(Stored data)
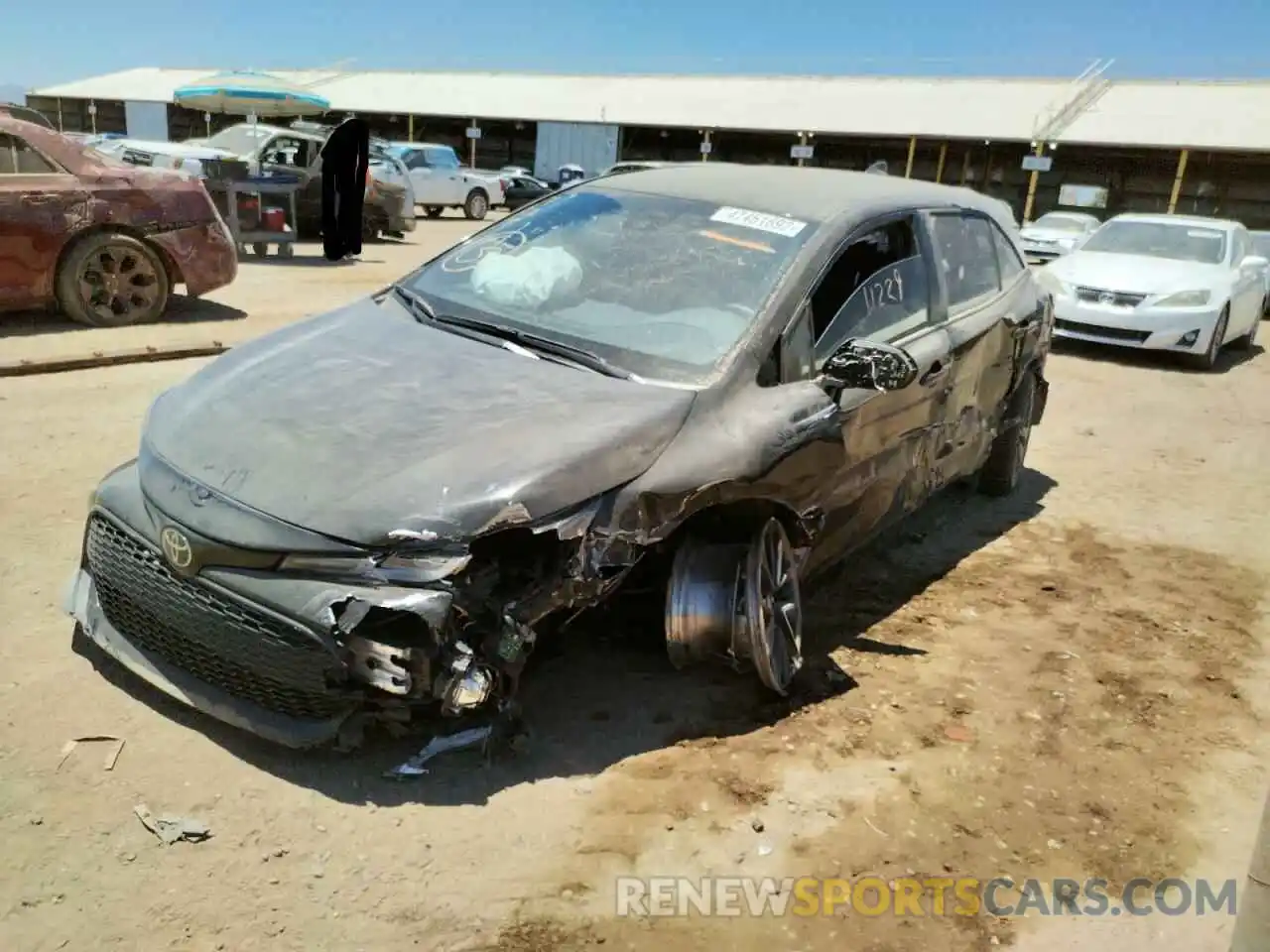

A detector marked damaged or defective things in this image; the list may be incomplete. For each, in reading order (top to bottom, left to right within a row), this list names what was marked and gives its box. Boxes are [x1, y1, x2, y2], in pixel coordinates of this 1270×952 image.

rusty car wheel [58, 233, 171, 329]
maroon wrecked suv [0, 111, 237, 327]
damaged gray toyota corolla [64, 164, 1051, 751]
broken headlight [278, 547, 472, 586]
rusty car wheel [741, 523, 797, 695]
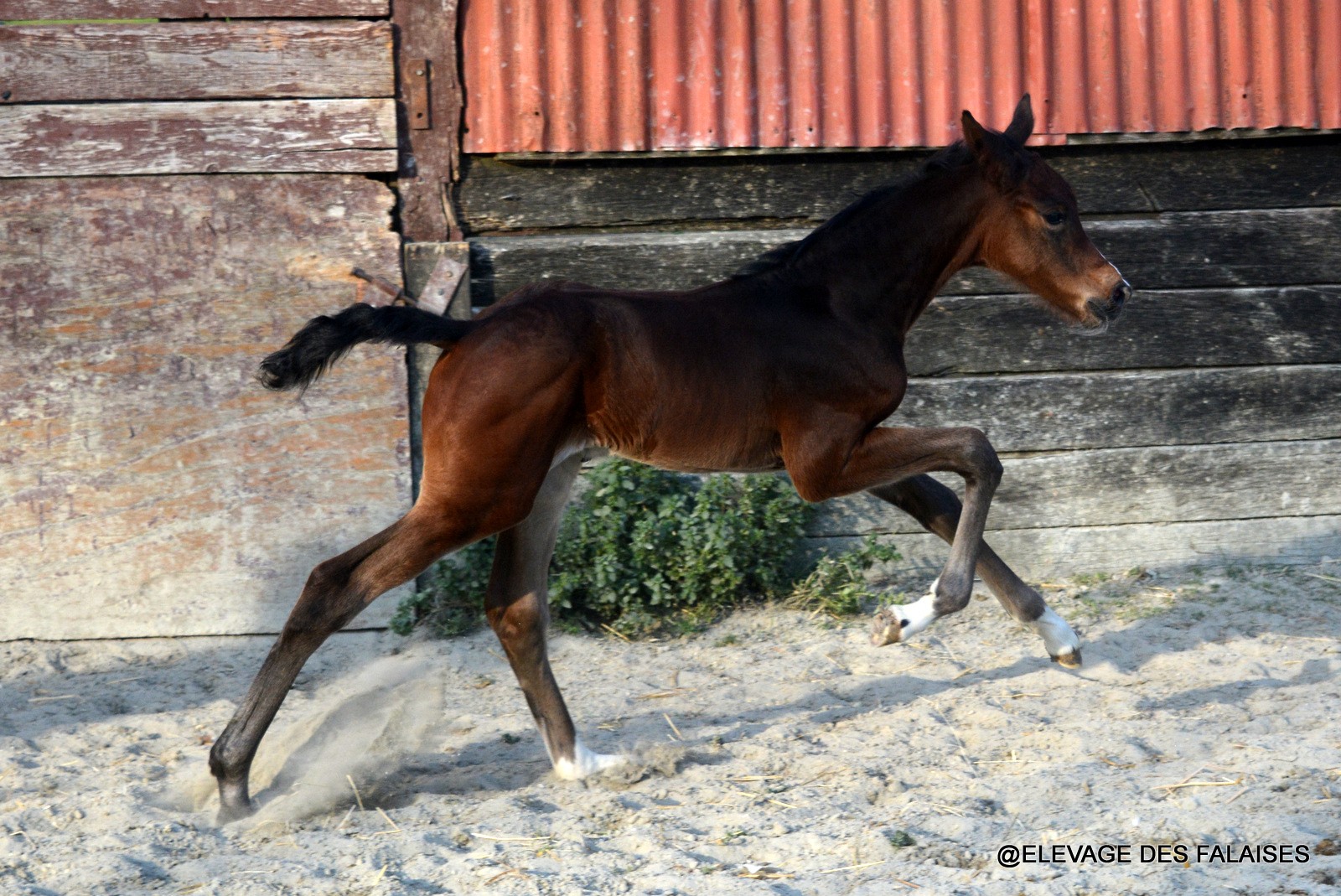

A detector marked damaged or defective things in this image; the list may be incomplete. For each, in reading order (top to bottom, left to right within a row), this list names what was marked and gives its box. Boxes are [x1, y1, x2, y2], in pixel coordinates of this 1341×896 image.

peeling paint on wood [1, 21, 391, 103]
rusty metal bracket [402, 57, 429, 130]
peeling paint on wood [1, 98, 396, 177]
peeling paint on wood [0, 171, 407, 640]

_Exercise brief:_ The task calls for all records to be set down precisely, excluding any images.

_Worked solution:_
A detector marked damaged or defective things in this image; the list may be incomplete. For each, in reading order (top to bottom, left to right within a row), this list names what was marked and gives its box. Boxes are [x1, y1, x2, y2], in pixel coordinates of this 1270×952 image.

rusty car wheel [58, 233, 171, 329]
maroon wrecked suv [0, 111, 237, 327]
damaged gray toyota corolla [64, 164, 1051, 751]
broken headlight [278, 547, 472, 586]
rusty car wheel [741, 523, 797, 695]

A detector marked damaged or defective things in this image; the list may be incomplete. For each, in reading order (top to bottom, left to right within a row), this list names what was marked and gives its box. Boxes are [x1, y1, x2, y2], in pixel coordinates of this 1341×896 image.

peeling paint on wood [1, 21, 391, 103]
rusty metal bracket [402, 57, 429, 130]
peeling paint on wood [1, 98, 396, 177]
peeling paint on wood [0, 171, 407, 640]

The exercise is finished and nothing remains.